A PES spokeswoman did not respond to a request for comment on the objections by either the trustee or the DOJ.

Unsecured creditors include the Commonwealth of Pennsylvania, which earlier filed its own objection to the plan, saying that PES owes it $3.8 billion in back taxes.

A spokesman for the state’s Department of Revenue said the tax liability is “only an estimate and may decrease as the department obtains additional information through the court proceedings.”

When or how the company emerges from bankruptcy will also depend on whether it can implement its recent agreement with the EPA to cut about half of the money it owes the government in past renewable fuel credits, or “RINs”. PES blamed the payments largely for its bankruptcy.

The deal could be subject to legal challenge, some analysts say, because it provides a partial exemption from the payments for just one refinery, albeit a large one.

Taken together, the objections look likely to at least delay the implementation of the plan beyond the April 1 target that PES has set for emerging from bankruptcy, said Christina Simeone, an analyst at the University of Pennsylvania’s Kleinman Center for Energy Policy.

“Given the size of the alleged back taxes owed to the state, the controversy surrounding the EPA/RIN settlement, and the federal government’s request for more time on behalf of creditors, it seems at the least the bankruptcy case may not conclude as quickly as PES hoped,” she said.

But two bankruptcy lawyers predicted PES would iron out its differences with the objectors, allowing the plan to go forward, and preventing any threat of liquidation under Chapter 7 of the bankruptcy code.

“It does not seem that those objections alone would derail the cases,” said Ronald Gellert, a bankruptcy lawyer with Gellert, Scali, Busenkell & Brown in Wilmington, Delaware.

He predicted that the objections will lead to a modification of the bankruptcy plan that gives creditors more time to respond. “But they seem unlikely to otherwise put the cases in jeopardy of being converted to Chapter 7 or dismissed,” he said.

Matthew Hamermesh, a bankruptcy attorney at Hangley, Aronchick, Segal, Pudlin & Schiller in Philadelphia, said it’s not unusual to get a number of objections to a bankruptcy plan, especially in a high-profile case like PES.

He said the objections may reflect PES’s plan to emerge from bankruptcy on a tight schedule, giving creditors little time to understand how they will be affected, and to respond. More time might have allowed the parties to negotiate the terms of the plan rather than simply filing their objections with the court, he said.

“My experience is that most of these objections get resolved one way or the other, usually through negotiations, but sometimes people have to go to court and let the court decide,” he said.

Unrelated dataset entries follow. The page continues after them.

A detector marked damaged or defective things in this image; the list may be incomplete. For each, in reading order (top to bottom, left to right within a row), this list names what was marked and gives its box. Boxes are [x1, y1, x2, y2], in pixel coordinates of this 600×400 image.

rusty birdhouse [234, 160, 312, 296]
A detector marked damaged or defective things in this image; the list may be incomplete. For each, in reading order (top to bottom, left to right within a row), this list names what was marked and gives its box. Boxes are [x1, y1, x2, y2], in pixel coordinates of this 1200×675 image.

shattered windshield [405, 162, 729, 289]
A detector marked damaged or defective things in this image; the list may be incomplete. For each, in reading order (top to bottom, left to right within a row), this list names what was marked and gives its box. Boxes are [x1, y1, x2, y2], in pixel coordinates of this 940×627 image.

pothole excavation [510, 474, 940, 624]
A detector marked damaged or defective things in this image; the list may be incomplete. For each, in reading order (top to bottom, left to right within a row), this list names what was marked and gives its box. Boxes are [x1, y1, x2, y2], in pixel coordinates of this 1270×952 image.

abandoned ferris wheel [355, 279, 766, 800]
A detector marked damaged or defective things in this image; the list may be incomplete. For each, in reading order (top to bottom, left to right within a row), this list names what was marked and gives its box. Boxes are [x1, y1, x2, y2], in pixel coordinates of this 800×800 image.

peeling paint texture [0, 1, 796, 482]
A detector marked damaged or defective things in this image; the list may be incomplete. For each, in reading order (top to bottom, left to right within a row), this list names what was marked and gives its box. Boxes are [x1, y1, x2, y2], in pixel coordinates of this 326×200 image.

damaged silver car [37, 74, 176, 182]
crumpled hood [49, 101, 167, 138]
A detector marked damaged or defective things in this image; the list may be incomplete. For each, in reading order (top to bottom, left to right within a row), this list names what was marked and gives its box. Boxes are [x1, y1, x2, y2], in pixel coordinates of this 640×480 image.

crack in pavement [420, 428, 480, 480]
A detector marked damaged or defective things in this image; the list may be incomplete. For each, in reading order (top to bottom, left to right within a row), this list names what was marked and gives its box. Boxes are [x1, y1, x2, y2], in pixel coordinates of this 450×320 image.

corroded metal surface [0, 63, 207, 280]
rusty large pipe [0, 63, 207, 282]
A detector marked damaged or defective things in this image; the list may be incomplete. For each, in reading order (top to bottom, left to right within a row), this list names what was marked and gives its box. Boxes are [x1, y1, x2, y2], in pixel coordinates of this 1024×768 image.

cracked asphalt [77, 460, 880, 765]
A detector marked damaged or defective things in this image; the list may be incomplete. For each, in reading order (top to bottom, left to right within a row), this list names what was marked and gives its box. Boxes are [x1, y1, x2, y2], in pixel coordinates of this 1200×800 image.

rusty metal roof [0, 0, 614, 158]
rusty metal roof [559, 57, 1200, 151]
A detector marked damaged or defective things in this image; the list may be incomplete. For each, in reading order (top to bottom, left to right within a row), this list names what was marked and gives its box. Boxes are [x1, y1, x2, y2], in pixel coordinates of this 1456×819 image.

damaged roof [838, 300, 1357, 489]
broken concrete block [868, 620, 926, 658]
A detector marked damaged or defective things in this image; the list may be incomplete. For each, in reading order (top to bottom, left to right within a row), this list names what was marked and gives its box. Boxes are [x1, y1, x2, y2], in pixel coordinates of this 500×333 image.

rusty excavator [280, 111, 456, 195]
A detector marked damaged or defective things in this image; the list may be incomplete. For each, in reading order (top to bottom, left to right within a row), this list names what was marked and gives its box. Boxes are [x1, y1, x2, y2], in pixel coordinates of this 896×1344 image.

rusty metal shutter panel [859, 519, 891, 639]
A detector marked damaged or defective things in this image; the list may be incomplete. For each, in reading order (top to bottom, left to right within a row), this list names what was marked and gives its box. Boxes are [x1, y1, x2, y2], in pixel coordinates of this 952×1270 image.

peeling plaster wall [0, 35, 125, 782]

Hamermesh said creditors will generally try to avoid liquidation because it would mean they are less likely to get paid, especially in cases like Pennsylvania which has a very large claim.

“The objections are by people who would be better off if there was a reorganization rather than a liquidation,” he said.

Meanwhile, another objector to the plan is the Westchester Fire Insurance Co., which issued $12.8 million in surety bonds on behalf of PES to ensure its payment and performance of various licenses and permits issued by official agencies.

Like the trustee, Westchester said the PES plan treats it as an “unimpaired” creditor whereas its rights are clearly “impaired” by the filing.

The court has scheduled a confirmation hearing on the plan for March 26.